Helsinki II

Between May 2018 and September this year, I’ve been to Helsinki three times. That’s actually quite frequent for a city that far away from Utrecht. Hamburg’s more accessible than Helsinki – I can travel by rail rather than by air – and I’ve only visited the former twice.

Since I’ve not really been post-processing my Helsinki photos I’ve decided to use this entry as a reason to get started on them. (I have this peculiar first-in, first-out mindset when it comes to photos, so photos that are made first ought to be post-processed first and published on this site accordingly. All this way of thinking really does is impede me from actually post-processing any photos.)

The next few posts combine what I saw during all three of my visits, with my most recent trip to Helsinki being a couple of weeks ago at the end of September. This was followed by a few days in Stockholm – my first time visiting that city! But that’s another story altogether.

There’s an earlier post about Helsinki I published some time back, if you’re interested in reading it. The photographs featured in that post were made on the same day as the ones in this post.

In the Punavuori district there is a really tall smoke stack that can be seen far away. It’s also a good landmark because there’s a large supermarket right next to it. You’ll see this smoke stack for sure if you disembark from a Tallink ferry arriving in Helsinki from Tallinn.

While walking away from the ferry terminal I saw this interesting building. I think I found it fascinating because of the ‘spike’ on the top of the dome-like structure. It reminded me of those old military helmets that had a single spike on them. Sights like this were the reason I enjoyed walking through Helsinki so much. There’d always be something interesting to see if I looked up or behind or around the corner.

From Punavuori I made a turn somewhere and headed over to the Eira district, where I saw many beautiful houses. From there, I walked along the waterside, past a large field and in the direction of Kaivopuisto (a very well-known park in Helsinki).

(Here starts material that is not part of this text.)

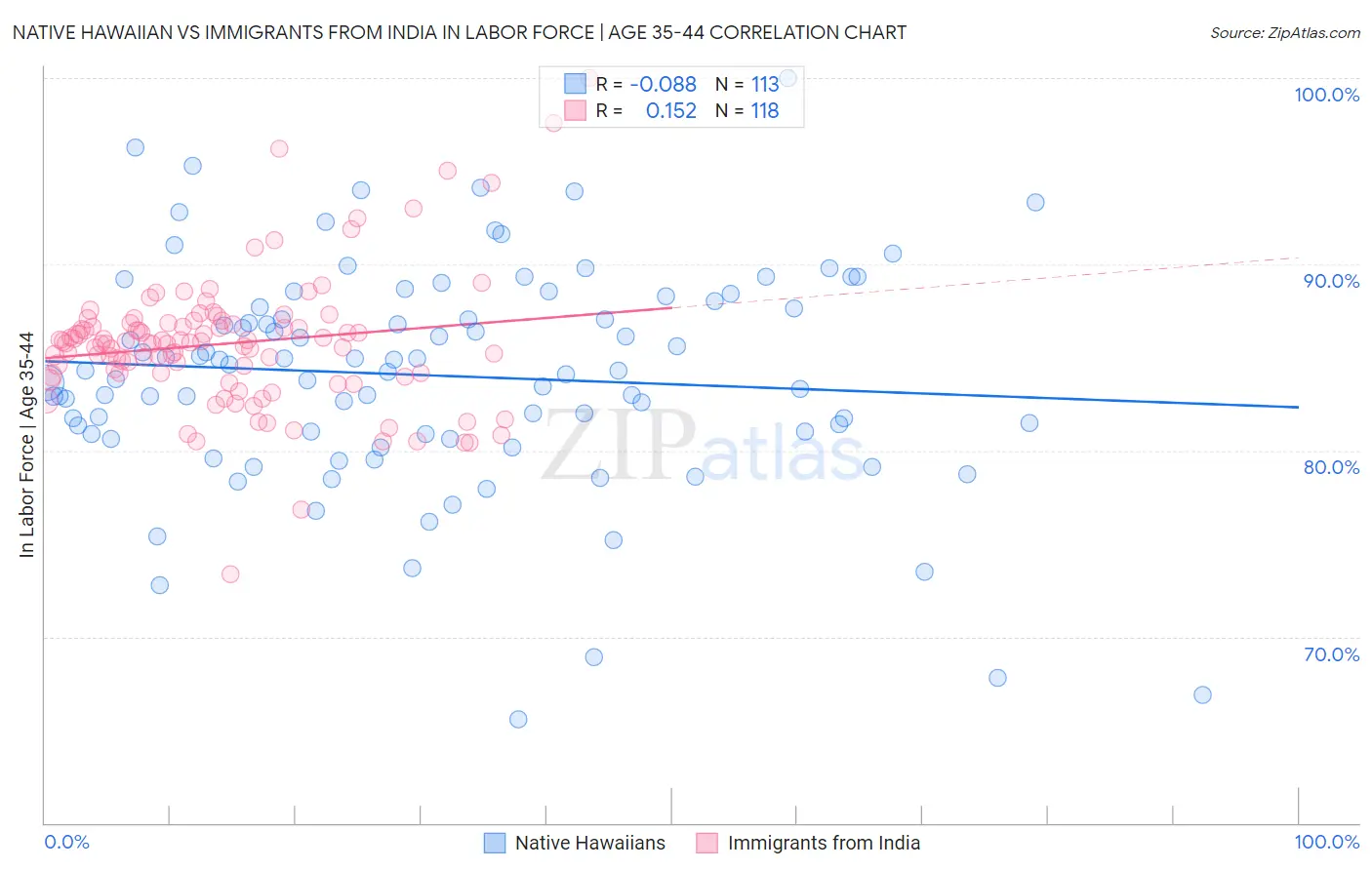 Native Hawaiian vs Immigrants from India In Labor Force | Age 35-44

Not far from the park I saw this beautiful scene: trees with their flower blossoms, amid colourful buildings and under a blue sky. The park itself was nice to experience, although I didn’t make too many photographs the first time I was there. (I did, however, visit the park when I visited Helsinki a second time later that year, in the autumn.)

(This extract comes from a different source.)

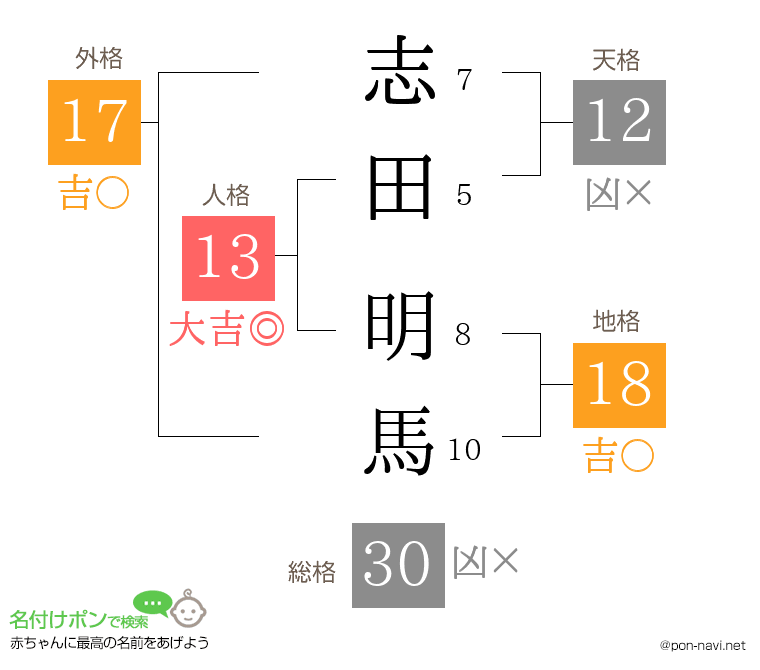 志田 明馬さんの姓名判断結果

Ah, the city centre. It’s a busy area with many shops and buildings all around. On the far right of the photo you can see the large sign of the Stockmann department store. In the area is also a large bookstore called the Academic Bookstore (or Akateeminen Kirjakauppa in Finnish).

From here you can easily walk down to the market square and Helsinki cathedral. The market square is also where you’d take the line ferry to the island of Suomenlinna. I’ll be writing about all of the above places in later posts so stay tuned!

During my first day in Helsinki I explored the city entirely on foot. Looking back, that was an insane amount of walking I did, all because I refused to pay for a public transport ticket. From the city centre I decided to walk to where the Finlandia concert hall was. Before going there, though, I took a break and enjoyed a cinnamon roll and passion fruit cheesecake at a café.

(There will also be a post about cinnamon rolls, by the way.)

I’ll share my images of Finlandia in a separate post, since I’ll want to do some research on the building before writing about it. Not far from the concert hall was where I made this next photograph. It was quite cool seeing everyone chilling on the grass and enjoying the sunny weather. One sees the same scenes in the Netherlands too, because sunny skies are few and far between in this part of Europe and the world.

At this point in time I had to make my way back to the ferry terminal. Google Maps said it’d be at least 30 minutes, so I got underway. I took a different route to the terminal than I did when I arrived earlier that day, so I got to see another part of the city.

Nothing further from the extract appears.